*Directions:*
From the line that contains "Premiata Layered White" down to the last line of the entries, repeat every line exactly. Do not carry over the pictures.

*Caption-style text data:*
|---|

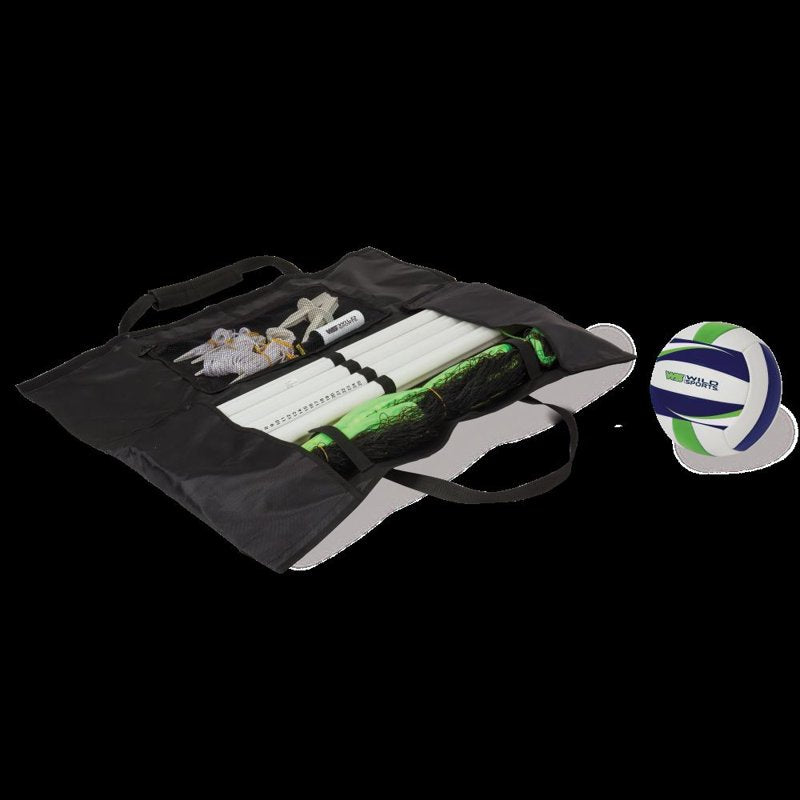 Outdoor Volleyball Set with 8 Ft Net, Official-Size Volleyball & Pump - Durable & Portable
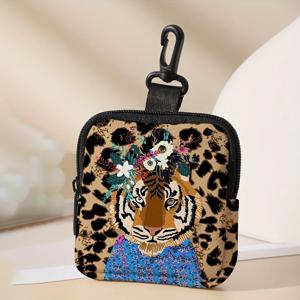 1pc 호랑이 패턴 인쇄 대용량 동전 지갑 디지털 인쇄 동전 지갑 보관 가방, 선물에 이상적인 선택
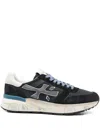 Premiata Layered White And Grey Sneakers With Sculpted Sole In Blue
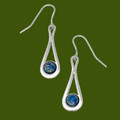 Teardrop Opal Glass Stone Stylish Pewter Sheppard Hook Earrings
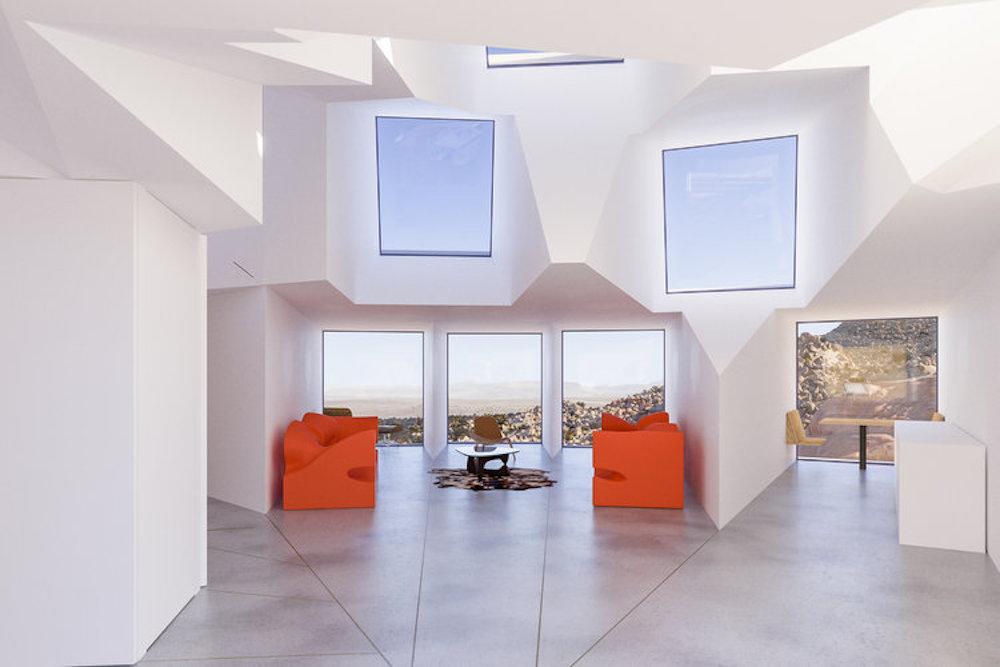 Interior of the starburst pattern container home with views the desert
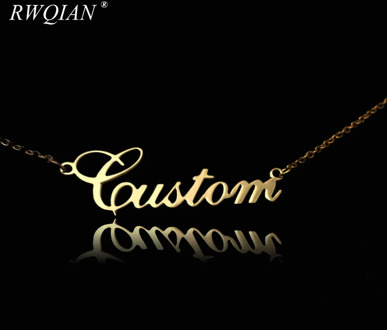 Personalized Name Necklace Custom Nameplate Necklaces for Women Chain Pendant Necklace Custom Gold Jewelry Gift Drop Shipping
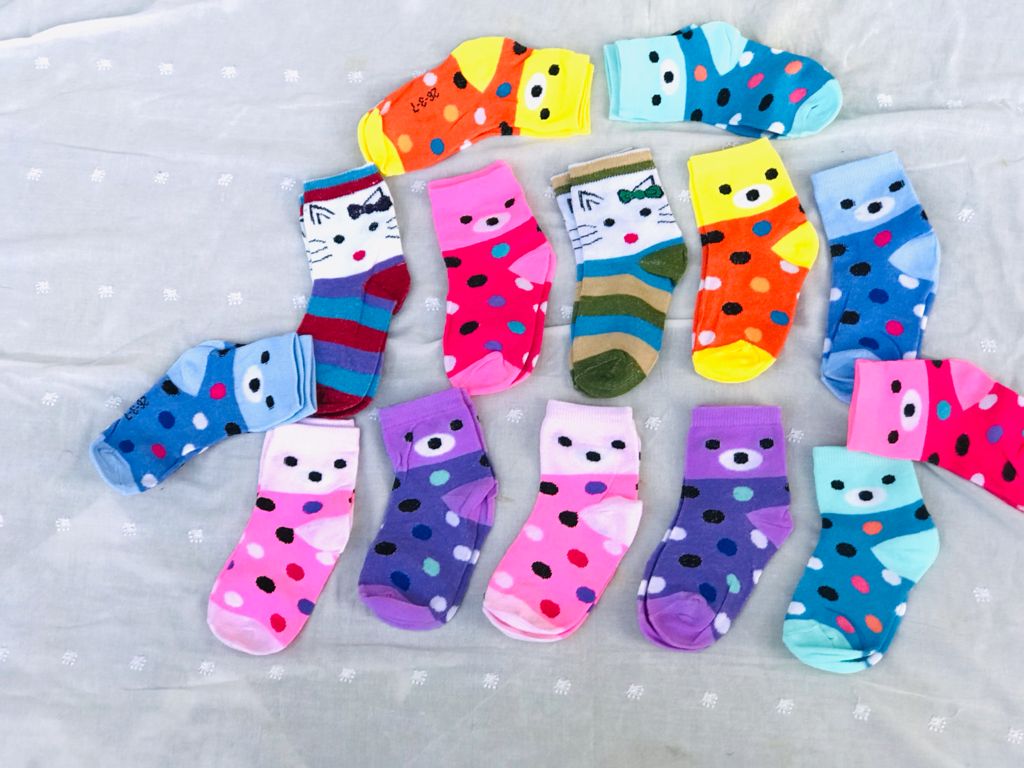 Pack of 12 Pairs - Multicolor socks for kids Baby Socks -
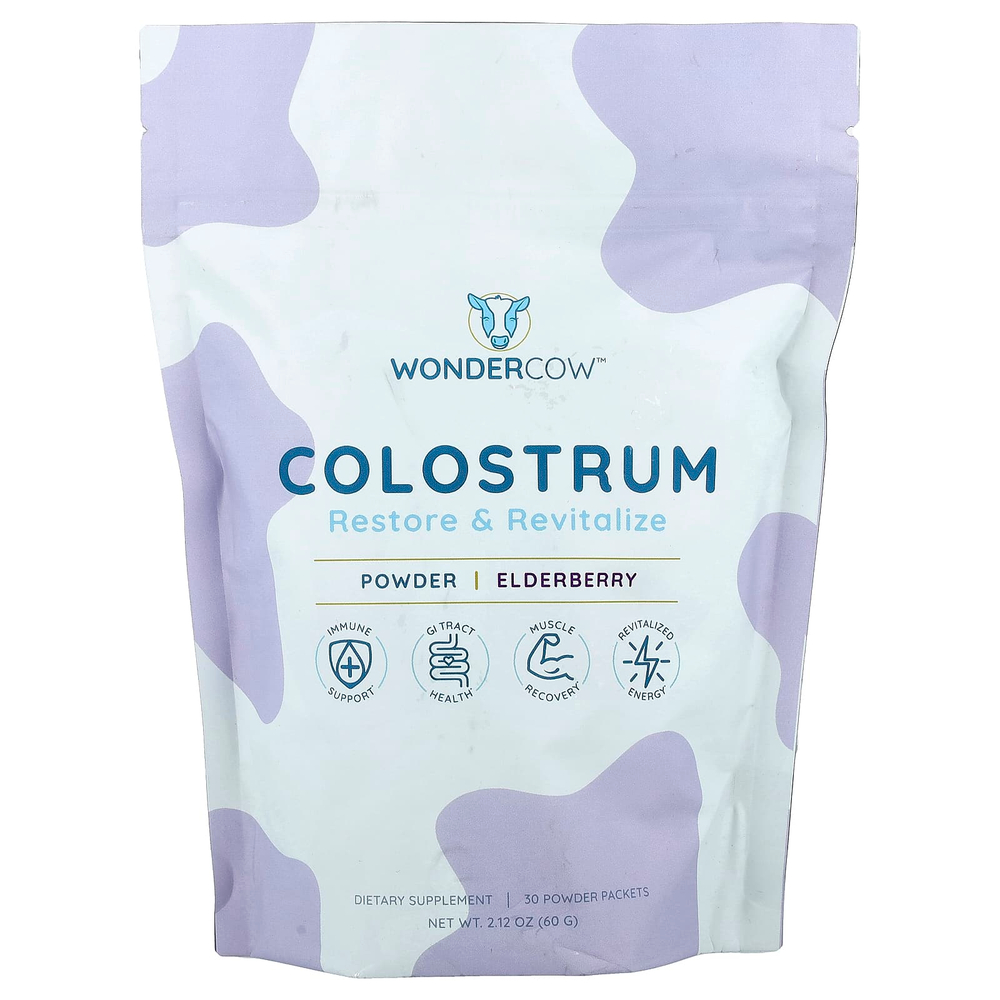 Wondercow, Молозиво в порошке, бузина, 30 пакетиков по 2,4 г (0,08 унции)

|---|

*Exercise output:*
 Premiata Layered White And Grey Sneakers With Sculpted Sole In Blue
 Teardrop Opal Glass Stone Stylish Pewter Sheppard Hook Earrings
 Interior of the starburst pattern container home with views the desert
 Personalized Name Necklace Custom Nameplate Necklaces for Women Chain Pendant Necklace Custom Gold Jewelry Gift Drop Shipping
 Pack of 12 Pairs - Multicolor socks for kids Baby Socks -
 Wondercow, Молозиво в порошке, бузина, 30 пакетиков по 2,4 г (0,08 унции)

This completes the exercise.